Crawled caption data
____

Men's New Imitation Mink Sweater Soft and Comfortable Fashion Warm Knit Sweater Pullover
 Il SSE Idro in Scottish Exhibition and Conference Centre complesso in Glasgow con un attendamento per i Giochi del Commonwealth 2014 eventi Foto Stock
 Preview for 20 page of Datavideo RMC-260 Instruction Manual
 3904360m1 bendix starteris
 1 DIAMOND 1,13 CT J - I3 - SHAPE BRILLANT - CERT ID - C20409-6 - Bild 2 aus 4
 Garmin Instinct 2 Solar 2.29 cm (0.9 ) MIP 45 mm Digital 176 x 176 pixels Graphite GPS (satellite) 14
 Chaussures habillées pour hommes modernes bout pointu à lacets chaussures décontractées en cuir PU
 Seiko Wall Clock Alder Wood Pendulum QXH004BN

____

The records above should be restated word for word, please.

Men's New Imitation Mink Sweater Soft and Comfortable Fashion Warm Knit Sweater Pullover
 Il SSE Idro in Scottish Exhibition and Conference Centre complesso in Glasgow con un attendamento per i Giochi del Commonwealth 2014 eventi Foto Stock
 Preview for 20 page of Datavideo RMC-260 Instruction Manual
 3904360m1 bendix starteris
 1 DIAMOND 1,13 CT J - I3 - SHAPE BRILLANT - CERT ID - C20409-6 - Bild 2 aus 4
 Garmin Instinct 2 Solar 2.29 cm (0.9 ) MIP 45 mm Digital 176 x 176 pixels Graphite GPS (satellite) 14
 Chaussures habillées pour hommes modernes bout pointu à lacets chaussures décontractées en cuir PU
 Seiko Wall Clock Alder Wood Pendulum QXH004BN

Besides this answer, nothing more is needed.